## WHAT YOU SHOULD DO
All of the entries, apart from their pictures, are to be copied verbatim.

*** Opening of DATA FOR ANALYSIS ***

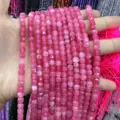 Hand holding 6mm pink faceted natural stone cube beads for DIY crystal agate crafts - 6mm (Approx 65 Pieces/Pack) / Peach Red
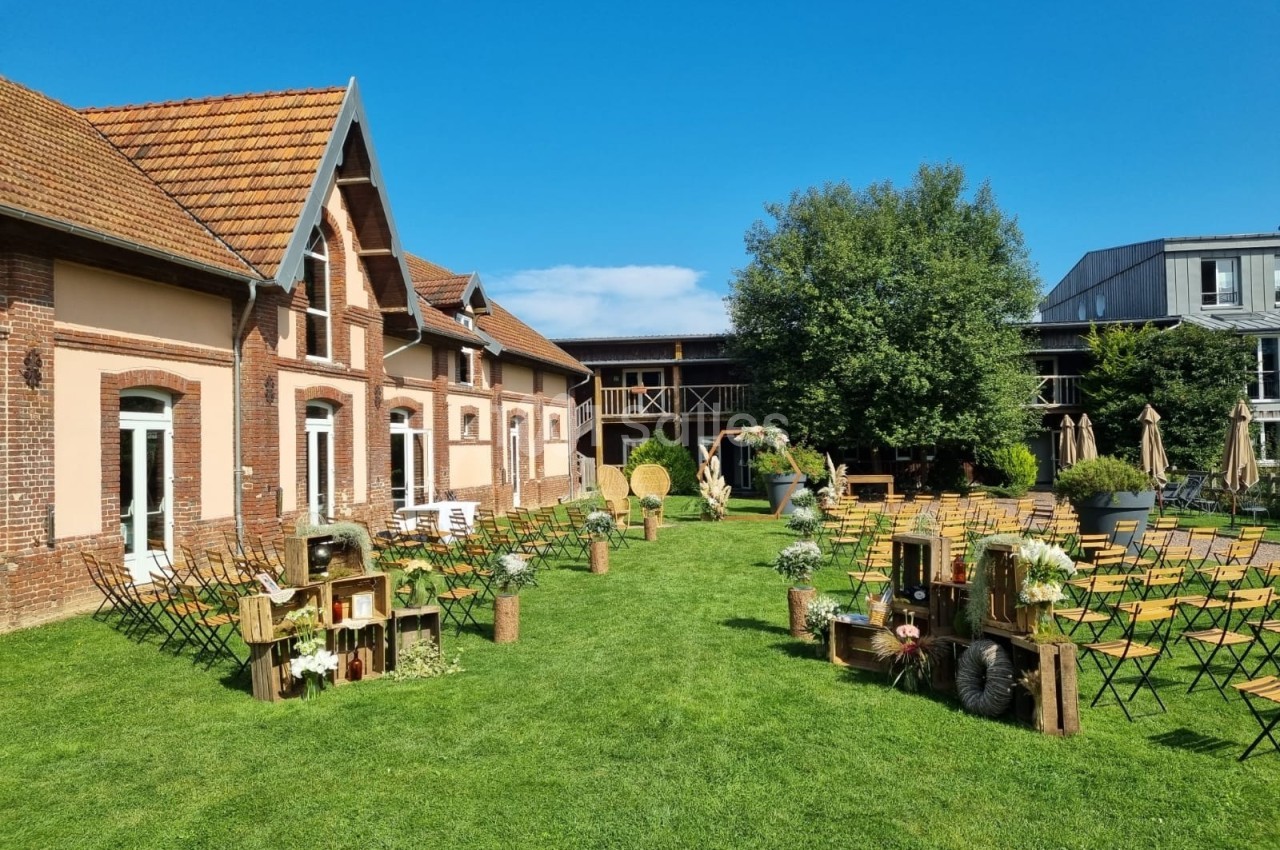 Jardin aménagé pour un événement avec chaises, décorations rustiques en bois et bâtiment en briques en arrière-plan.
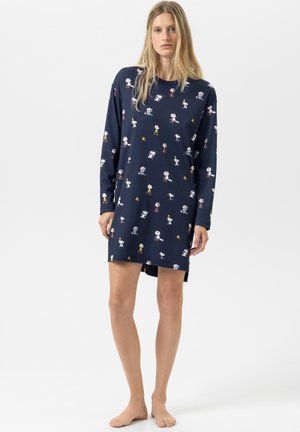 Vrouw die blootsvoets staat in een marineblauwe lange mouw jurk met Snoopy en Woodstock cartoonprints.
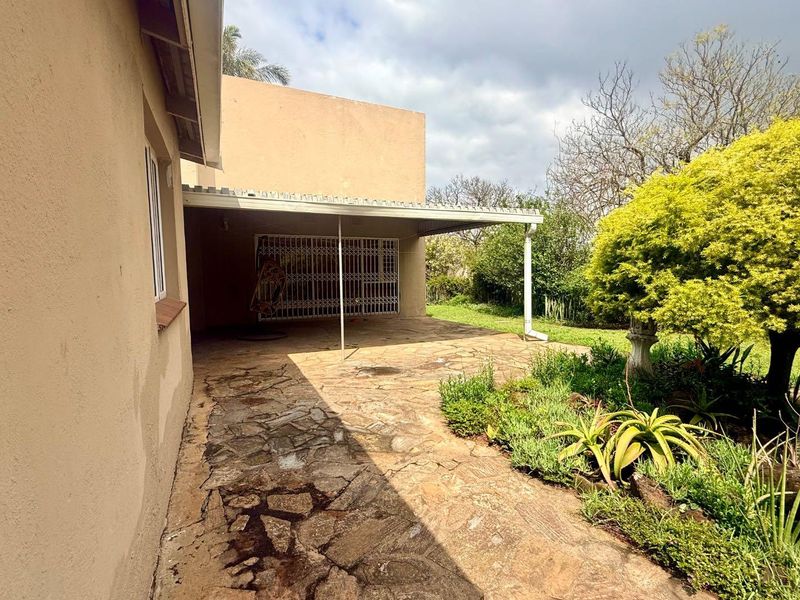 A covered outdoor patio area featuring stone paving and a security gate, providing a functional space for outdoor relaxation and garden access.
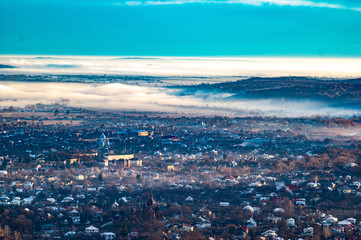 Morning city in the fog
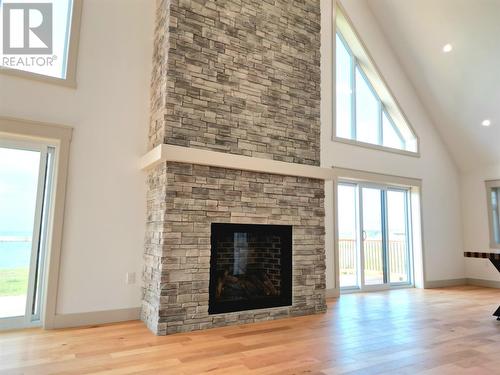 23 Main Road, Port Au Port, NL - Indoor Photo Showing Living Room With Fireplace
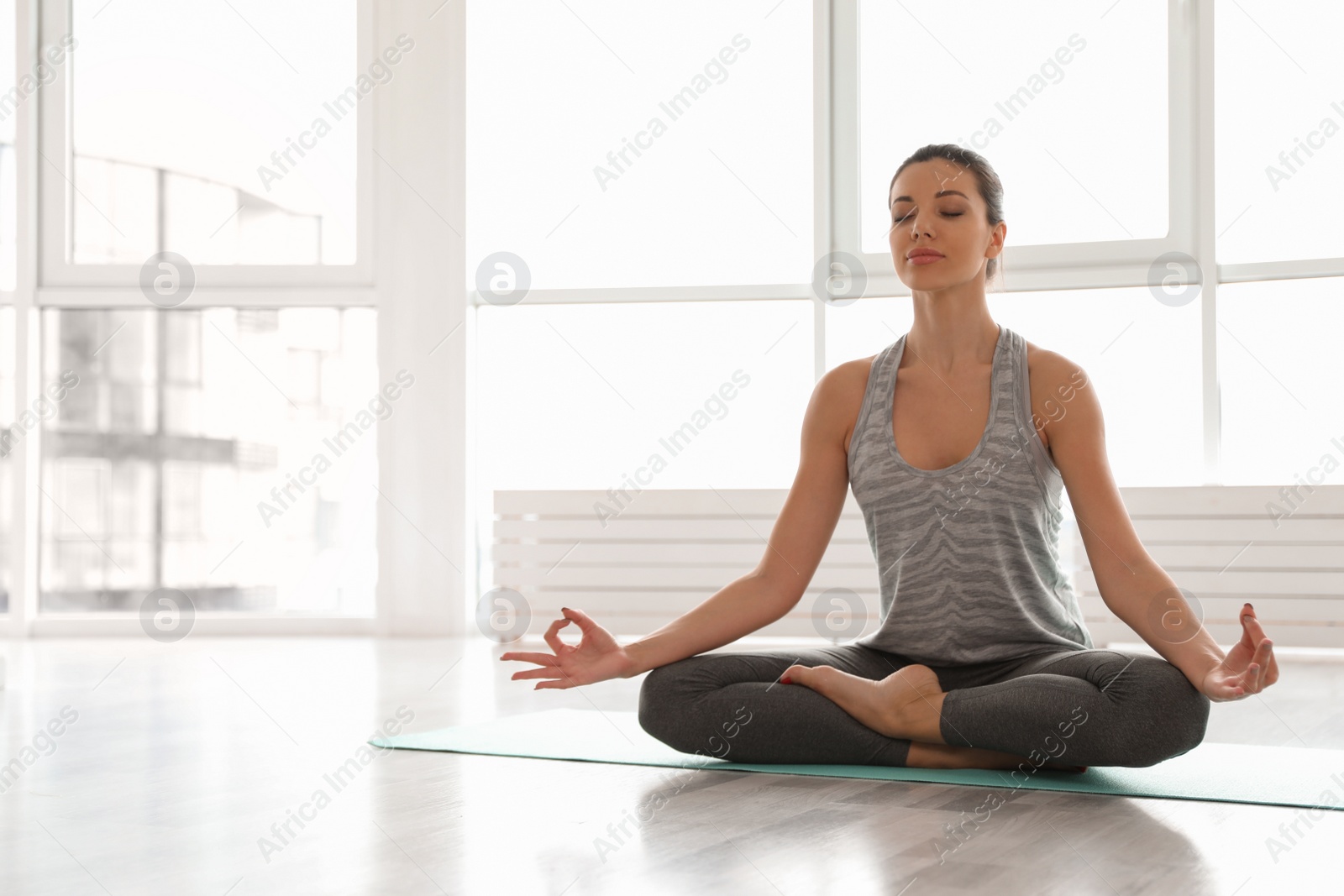 Photo of Young woman practicing yoga in studio. Accomplished pose (Siddhasana)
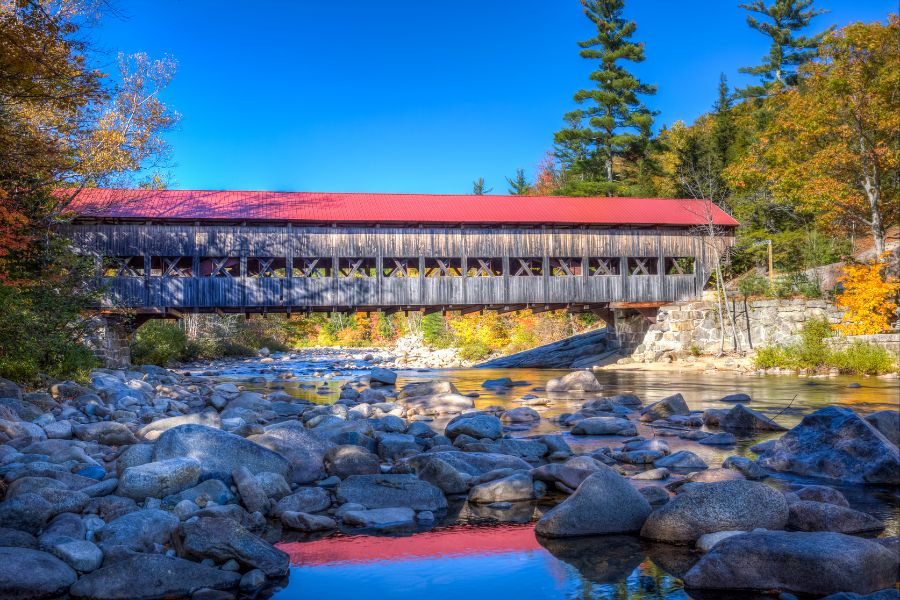 covered bridge across a river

*** Close of DATA FOR ANALYSIS ***

## REPLY TO THE EXERCISE
 Hand holding 6mm pink faceted natural stone cube beads for DIY crystal agate crafts - 6mm (Approx 65 Pieces/Pack) / Peach Red
 Jardin aménagé pour un événement avec chaises, décorations rustiques en bois et bâtiment en briques en arrière-plan.
 Vrouw die blootsvoets staat in een marineblauwe lange mouw jurk met Snoopy en Woodstock cartoonprints.
 A covered outdoor patio area featuring stone paving and a security gate, providing a functional space for outdoor relaxation and garden access.
 Morning city in the fog
 23 Main Road, Port Au Port, NL - Indoor Photo Showing Living Room With Fireplace
 Photo of Young woman practicing yoga in studio. Accomplished pose (Siddhasana)
 covered bridge across a river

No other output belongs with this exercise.